An alternate viewpoint for Newton’s method

The images below show Julia sets and basins of attraction related to the function $f(z)=z^5-1$. I emphasize related to; the basins of attraction of $f$ are not shown.

The first image shows the basins of attraction of $N(z)$, where $N$ is the Newton's method function for $f$.
Problem 1: Write down the function $N$ whose Julia set is shown in figure 1.
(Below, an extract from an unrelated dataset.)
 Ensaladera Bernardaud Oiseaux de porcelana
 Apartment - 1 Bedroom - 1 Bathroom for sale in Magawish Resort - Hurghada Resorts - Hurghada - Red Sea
The second and third images are obtained by conjugating $N$ so that zero maps to $-1$ and $\infty$ maps to 1.
Problem 2: Indicate a strategy to find the funciton that generated those figures.

pic1.png700x700 179 KB

pic3.png700x700 194 KB

pic2.png700x700 192 KB

$$N(z)\equiv z-\frac{f(z)}{f'(z)}=z-\frac{z^5-1}{5z^4}=\frac{1}{5z^4}+\frac{4z}{5}$$ A function that maps zero to $-1$ and $\infty$ to $1$ is $$\phi(z)=\frac{z-1}{z+1}$$ The inverse is $$\phi^{-1}(z)=-\frac{z+1}{z-1}$$ Conjugating with $N$ gives $$\phi\circ N\circ\phi^{-1}(z)=\frac{20z^2+20z^3+20z^4+4z^5}{5+15z+30z^2+10z^3+5z^4-z^5}$$ The image below is of the basins of $\phi\circ N\circ\phi^{-1}(z)$. The second pair of axes is a bug.

BigJulia.png700x700 195 KB

@RedCrayon Looks great! I wonder what's with the weird, double real-axis?

If you begin a scan with "axes" true, and then begin another scan with different "z min" and "z max," this bug occurs. You get the updated picture, but the updated axes are overlaid with the old axes.